再演にあたり、「この役にはこの人がぴったりだ!という人に声をかけさせていただいた」という成井。特に、雑貨店店主・浪矢雄治役の川原にはなんとしても出てもらいたい懇願し、約4年ぶりの川原の舞台出演が叶ったという。その川原は「(この物語は)バックに浪矢雄治という人物が生きていないと面白みが増してこないと思う」と役に対する想いを口にした。

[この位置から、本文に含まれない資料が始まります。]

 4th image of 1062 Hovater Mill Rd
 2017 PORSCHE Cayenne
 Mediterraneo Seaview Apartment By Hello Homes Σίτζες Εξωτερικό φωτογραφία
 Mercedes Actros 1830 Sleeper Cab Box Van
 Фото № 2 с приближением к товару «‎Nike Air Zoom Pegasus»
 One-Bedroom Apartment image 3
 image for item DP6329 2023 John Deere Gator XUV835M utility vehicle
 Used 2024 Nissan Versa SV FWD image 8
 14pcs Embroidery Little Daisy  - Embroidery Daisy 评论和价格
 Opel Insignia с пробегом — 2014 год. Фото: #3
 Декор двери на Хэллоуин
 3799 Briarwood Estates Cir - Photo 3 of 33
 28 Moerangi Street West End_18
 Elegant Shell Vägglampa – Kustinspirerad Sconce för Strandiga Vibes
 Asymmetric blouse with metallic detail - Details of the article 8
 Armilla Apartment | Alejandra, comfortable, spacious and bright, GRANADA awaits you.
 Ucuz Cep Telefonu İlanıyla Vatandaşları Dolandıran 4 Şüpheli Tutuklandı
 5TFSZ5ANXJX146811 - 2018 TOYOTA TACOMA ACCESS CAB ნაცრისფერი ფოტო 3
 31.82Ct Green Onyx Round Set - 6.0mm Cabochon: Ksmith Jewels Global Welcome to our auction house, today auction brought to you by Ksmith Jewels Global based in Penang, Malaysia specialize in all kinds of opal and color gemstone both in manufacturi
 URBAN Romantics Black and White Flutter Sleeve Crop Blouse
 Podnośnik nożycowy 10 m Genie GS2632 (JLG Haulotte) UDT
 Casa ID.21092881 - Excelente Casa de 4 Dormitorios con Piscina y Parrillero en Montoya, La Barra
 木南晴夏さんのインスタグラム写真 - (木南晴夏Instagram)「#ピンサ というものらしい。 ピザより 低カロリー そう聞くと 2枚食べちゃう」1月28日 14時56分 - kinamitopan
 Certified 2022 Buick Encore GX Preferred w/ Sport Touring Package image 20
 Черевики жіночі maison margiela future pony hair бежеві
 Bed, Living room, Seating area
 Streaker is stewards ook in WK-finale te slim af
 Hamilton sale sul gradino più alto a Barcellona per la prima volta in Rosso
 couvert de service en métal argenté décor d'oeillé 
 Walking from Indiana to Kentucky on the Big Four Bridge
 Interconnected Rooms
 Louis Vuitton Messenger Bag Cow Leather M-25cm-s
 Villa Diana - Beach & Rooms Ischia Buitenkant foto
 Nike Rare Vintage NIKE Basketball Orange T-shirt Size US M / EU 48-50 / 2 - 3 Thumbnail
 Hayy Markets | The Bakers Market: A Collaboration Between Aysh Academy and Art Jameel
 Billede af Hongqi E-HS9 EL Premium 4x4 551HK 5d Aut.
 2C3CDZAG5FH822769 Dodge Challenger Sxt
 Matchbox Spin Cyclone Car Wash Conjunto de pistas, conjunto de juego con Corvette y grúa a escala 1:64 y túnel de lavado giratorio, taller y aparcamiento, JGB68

また、大阪公演を行うシアターBRAVA!は、5月で11年の歴史に幕を下ろすことになっており、本作は「さよならシアターBRAVA!」と題して閉館までのカウントダウンを飾る。劇団とともに劇場の誕生や閉鎖に多く関わってきたという成井は、「閉鎖って本当に寂しい。劇場がなければ、その地に行かない人もたくさんいると思います。そういう場所がなくなってしまうことには、ものすごく寂しさがあります。一方で、上演の声をかけてもらえたのは大変名誉なこと。一生の思い出になるように、精一杯BRAVA!での公演をやりたいなと思います」と名残惜しんだ。
最後に、「原作のおもしろさそのままに、おもしろい役者が、おもしろいやり方でやっております!」(多田)、「多くの方に愛されている作品を自分たちも愛しています。東京、大阪にしっかりとこの作品を届けたいです」(松田)、「作品を見て、誰かと楽しい会話を交わしてほしいなと思います」(鮎川)、「少しでもいい気持ちでお帰りいただけたら」(川原)とそれぞれ呼びかけ締めくくった。
点と点が繋がって線になるように、人と人とが繋がって“人生”を紡いでいく。そこに起こった思いがけない奇蹟が、心を豊かにしてくれる。観終わったあと、ふと自分自身の人生を振り返って、背中を押してくれたあの人へ、手紙を書きたくなった。
ネビュラプロジェクト&ぴあ&シアターBRAVA! presents『ナミヤ雑貨店の奇蹟』は、2016年4月21日(木)から5月1日(日)まで東京・Zeppブルーシアター六本木にて、5月6日(金)から5月8日(日)まで大阪・シアターBRAVA!にて上演。